8 thoughts on “The Trillionaires Of Mars”

  1. All of this stuff has been said over and over again over the history of SF. My own “Fellow Traveler” (1991). Donald Kingsbury’s “Bringing in the Steel” (1979). Even “Ride the Grey Planet” form 1949 (a.k.a. “Assignment in Space” recast as a children’s book. This Devon Fellow is just telling the “facts” to people who couldn’t care less, and the proudly holding up his essay to the choir.

    BTW, in the Mars books, Dejah Thoris didn’t wear a chainmail bikini. Edgar Rice Burroughs’ Barsoomians went completely nude, only wearing leather harnesses to support weapons and ornaments. Part of the titillations of reading “A Princess of Mars” for a 12-year-old was imagining the princess with her T&A hanging out. And for a 12-year0-old like me trying to visualize what the pussy of an egg-laying monotreme girl might look like.

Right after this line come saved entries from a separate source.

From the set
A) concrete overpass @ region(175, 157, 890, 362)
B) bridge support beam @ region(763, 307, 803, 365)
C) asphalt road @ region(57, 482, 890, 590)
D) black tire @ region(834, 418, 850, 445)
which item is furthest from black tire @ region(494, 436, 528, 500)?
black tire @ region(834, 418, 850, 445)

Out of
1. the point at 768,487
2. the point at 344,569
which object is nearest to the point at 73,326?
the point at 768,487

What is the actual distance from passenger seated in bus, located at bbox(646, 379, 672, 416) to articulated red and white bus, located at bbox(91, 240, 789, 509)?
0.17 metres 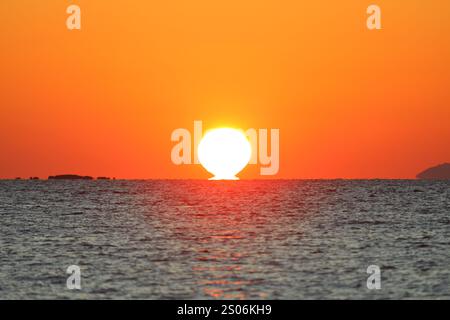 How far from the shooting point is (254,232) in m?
73.9

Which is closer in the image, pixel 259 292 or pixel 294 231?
pixel 259 292

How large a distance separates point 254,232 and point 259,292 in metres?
34.9

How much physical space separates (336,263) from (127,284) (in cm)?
1448

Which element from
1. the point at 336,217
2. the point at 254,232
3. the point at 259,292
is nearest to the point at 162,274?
the point at 259,292

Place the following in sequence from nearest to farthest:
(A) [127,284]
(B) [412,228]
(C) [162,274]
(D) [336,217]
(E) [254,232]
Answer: (A) [127,284] < (C) [162,274] < (E) [254,232] < (B) [412,228] < (D) [336,217]

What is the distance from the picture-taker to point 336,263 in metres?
49.6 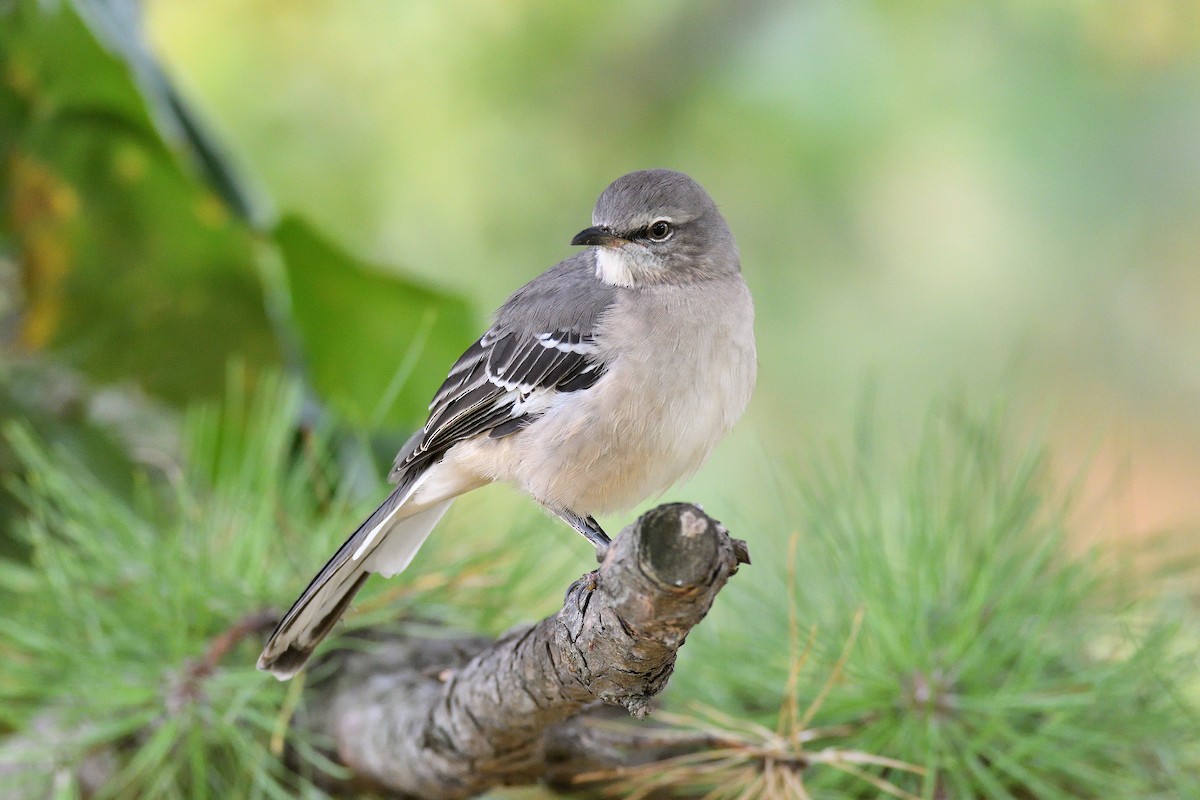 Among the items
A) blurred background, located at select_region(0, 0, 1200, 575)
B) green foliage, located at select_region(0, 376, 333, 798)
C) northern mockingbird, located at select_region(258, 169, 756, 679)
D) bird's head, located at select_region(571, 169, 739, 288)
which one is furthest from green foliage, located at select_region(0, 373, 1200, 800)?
blurred background, located at select_region(0, 0, 1200, 575)

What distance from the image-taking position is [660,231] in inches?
112

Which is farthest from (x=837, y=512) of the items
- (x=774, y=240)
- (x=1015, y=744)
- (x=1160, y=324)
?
(x=1160, y=324)

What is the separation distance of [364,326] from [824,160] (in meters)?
1.87

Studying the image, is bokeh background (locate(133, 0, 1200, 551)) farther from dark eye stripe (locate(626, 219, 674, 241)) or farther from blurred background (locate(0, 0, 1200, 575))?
dark eye stripe (locate(626, 219, 674, 241))

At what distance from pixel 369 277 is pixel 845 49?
204 cm

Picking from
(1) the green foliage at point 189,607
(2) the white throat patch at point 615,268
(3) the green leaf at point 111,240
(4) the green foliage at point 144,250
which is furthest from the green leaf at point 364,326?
(2) the white throat patch at point 615,268

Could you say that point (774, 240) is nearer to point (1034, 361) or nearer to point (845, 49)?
point (845, 49)

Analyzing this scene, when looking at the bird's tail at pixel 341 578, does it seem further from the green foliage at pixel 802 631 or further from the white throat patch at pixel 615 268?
the white throat patch at pixel 615 268

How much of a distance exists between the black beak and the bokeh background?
5.11 ft

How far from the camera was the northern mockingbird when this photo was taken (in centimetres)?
253

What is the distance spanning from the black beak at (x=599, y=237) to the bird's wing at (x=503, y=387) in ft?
A: 0.68

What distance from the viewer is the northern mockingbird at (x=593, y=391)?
2.53 metres

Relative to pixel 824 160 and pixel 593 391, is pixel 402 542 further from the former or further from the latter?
pixel 824 160

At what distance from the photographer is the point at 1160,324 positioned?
439 centimetres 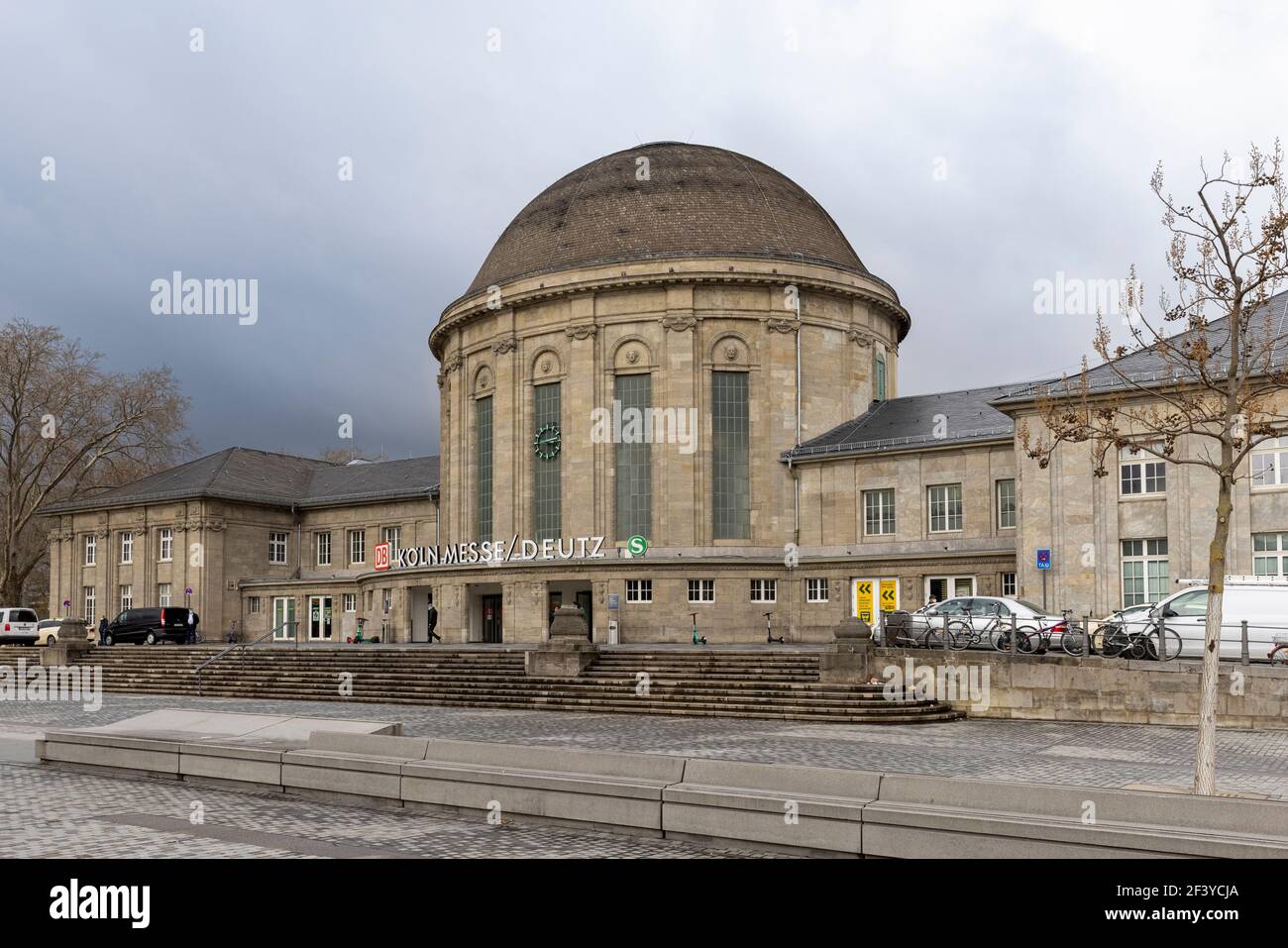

    Finally, as an adult, I saw a video in which a biologist pried open the vulva of a pregnant platypus, displaying the egg inside. I thought of Dejah Thoris, and said, “Ew!”

    1. I’m not curious enough to look up if those are his actual (legal) wives. He looks old enough he’ll need bonerol if so, When I ws young, for a while, I had two girlfriends who were willing to get in bed with me at the same time. Not worth the effort. Now, at 74, I’m lucky I can still pee standing up.

      Anyways, the article is bs and the book sounds derivative. Go read my dozens of books and stories instead.

  2. I think sub-orbital travel on Earth and/or making Mars settlements on Mars, will cause ocean settlements on Earth. And that should create some trillionaires.
    And Mars settlements will cause Venus orbital settlements [involving making many trillionaires].
    And Venus settlements will significantly increase mining oceans of water in the solar systems which will lead to lunar space elevators dropping oceans of water on our Moon [getting hydropower from the dropped water mined in our solar system] and a bit later dropping oceans of water on Mars and Mercury [to also get hydropower]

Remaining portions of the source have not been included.